Students tend to minimize the historical importance of the twenty-three years that begin the second half of the nineteenth century. Industrialization had already taken hold in Britain, Germany, and, to a lesser extent, France; few alive in Europe at the time, furthermore, could remember what life was like under Napoleon Bonaparte. In many ways, this millisecond in the grand scope of recorded history is a bridge--from x to y. Historians have named many varying notions as x and y; in this SparkNote, we hope to provoke thought on each and, hopefully, inspire you to come to your own answer to the following question: What, if anything, changed in Europe from 1848 to 1871?
Let's say, as some historians do, that x equals the "early modern" period and y equals the "modern" period. Now, this makes it necessary for us to define two things: "modern," and "modern" in terms of what? Do we mean politics, technology, industry, society, culture, and so on? Let us try to define these terms.
Traditionally, "early modern" European history is seen in a much broader scope--namely, the period immediately after the Renaissance, the true bridge from pre-modern, or Medieval, to modern history.
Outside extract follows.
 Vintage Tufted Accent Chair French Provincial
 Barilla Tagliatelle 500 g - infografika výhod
Within "modern history," traditionally defined, we can make two subdivisions: the "early" stage of modern history, ending within years of 1815, and the "late" stage of modern history, beginning within years of 1871. Simply put, therefore, the period between 1848- 1871, is an essential plank in the bridge that connects modern history.
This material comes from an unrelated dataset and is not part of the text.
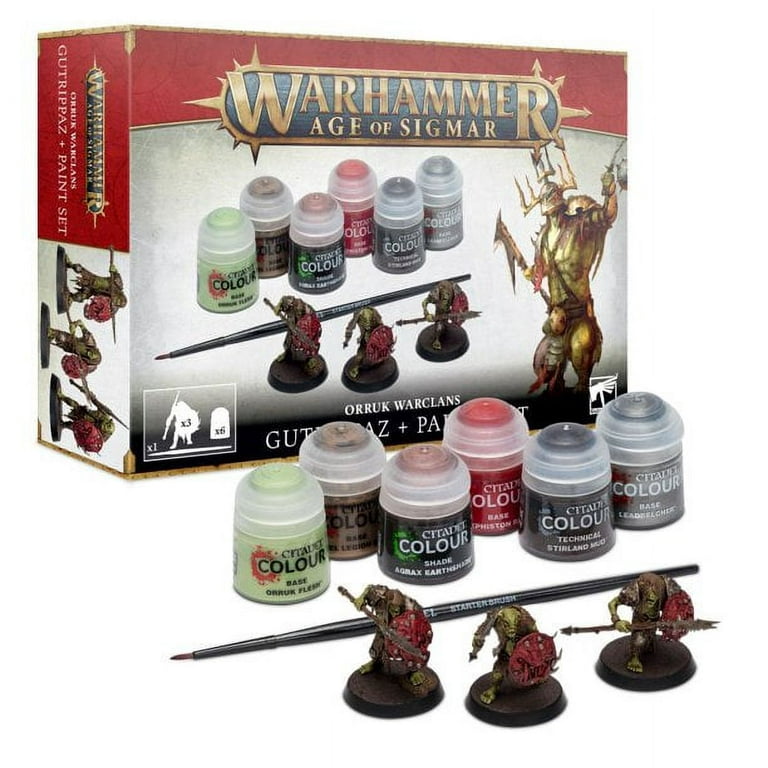 Games Workshop Warhammer Age of Sigmar Orruk Warclans Gutrippaz and Paint  Set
Consider these "before and after" contrasts: Before, the "concert of Europe" maintained peace; after, Europe was on the road to World War I. Before, the Russian army dominated the continent; after, Russia was humiliated and weakened by European and Asian enemies. Before, central Europe was a disjointed region of independent principalities; after, the newly unified nation-states of Germany and Italy upset the balance of power in Europe forever. Before, national interests were, without question, bound up with the interests of the ruling aristocracy; after, the notion of workers' rights and social democracy dragged European politics forever leftward. Before, Europe occupied only a small percentage of the world's land; after, the imperial centers of Europe commanded nearly all the world outside the Western Hemisphere. All this is to say that before 1815, Europe was vastly different than after 1871. We will focus on the second part of the bridge within modernity from 1815-1871, spanning Europe from 1848 to 1871.